Anuradha realized that the way to tackle the nation’s polio crisis was not by looking at how many children were being covered in every round of immunization. Instead, it was to factor in how many children the government was missing. She and her team focused on the children who were missing out on the polio vaccine. They completely repositioned the programme.
She was the one who solved the issue regarding the funding from the World Bank for the vaccines. World Bank funded vaccines only from WHO approved organizations. But WHO approved only the organization which produced the monovalent vaccine. And with India’s condition, India needed a bivalent vaccine (which stimulates an immune response against two different antigens, such as two different viruses or other microorganisms). But Anuradha found that Bharat Biotech which was producing bivalent vaccines could be considered WHO-approved because Bharat Biotech had received approval from the National Regulatory Agency, which was WHO-prequalified.

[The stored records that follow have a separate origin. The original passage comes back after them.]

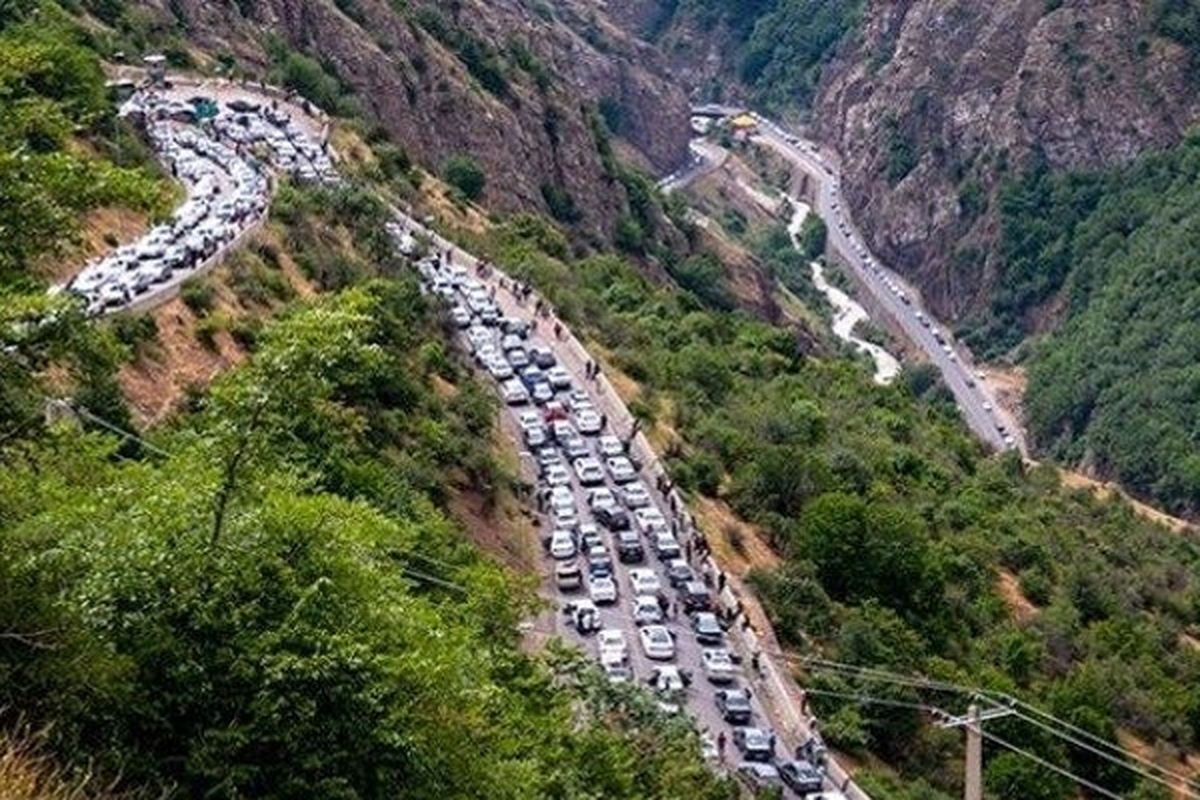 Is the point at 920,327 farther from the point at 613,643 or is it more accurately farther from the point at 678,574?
the point at 613,643

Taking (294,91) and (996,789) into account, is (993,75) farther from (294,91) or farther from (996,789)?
(996,789)

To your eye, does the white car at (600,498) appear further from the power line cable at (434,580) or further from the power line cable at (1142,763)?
the power line cable at (434,580)

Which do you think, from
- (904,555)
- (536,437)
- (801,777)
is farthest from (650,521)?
(801,777)

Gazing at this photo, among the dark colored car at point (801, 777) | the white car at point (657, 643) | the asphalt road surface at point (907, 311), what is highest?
the dark colored car at point (801, 777)

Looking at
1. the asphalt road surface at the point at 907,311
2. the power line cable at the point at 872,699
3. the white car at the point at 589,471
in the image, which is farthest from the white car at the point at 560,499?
the asphalt road surface at the point at 907,311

Anuradha went to Dr Naved Masood, then financial advisor in the Ministry of Health. He heard her appeal and scrutinized the overall budget of the ministry, and realized there was an unspent balance from another project that year. He gave her a ‘go ahead’. Like this, despite losing the World Bank funding, India strengthened its immunization programme. The bivalent vaccine, combined with an increased focus on “missed children”, got India over the hump.
A rapid emergency mop-up was conducted and was completed within a record six days, although these sorts of procedures can take weeks due to the sheer number of population that needs to be vaccinated. And on 27 March 2014, the WHO declared India polio-free.
In 2015, Anuradha joined Gavi. Since then, she says, “India is the world’s largest and most precious lab. It’s a combination of the best and the worst and the most challenging. When I joined Gavi, I brought my learnings of how to use data to identify marginalized populations that need to be prioritized, and how to bring in equity in immunization.”
Under Anuradha’s leadership, Gavi had developed a programme to identify ‘Zero Dose Children’, wherein they analyzed data to find that one-in-ten children in Gavi-supported countries have not received even a single dose of routine immunization.
As far as vaccination programmes in India are concerned, Anuradha opines, “India has many gaps in terms of vaccination. We’ve made progress in coverage, but inequity is a huge challenge. The country has the largest number of zero dose children at 3 million, a number that increased last year. The pandemic has hit routine immunization services, especially for marginalized communities. That means that India needs to focus more on these children, lest they begin seeing outbreaks of diseases like measles, or the return of polio — a vaccine-derived virus, not wild polio. Gavi is working to introduce new vaccination and immunization programmes in India. There are a lot of gaps to be covered.”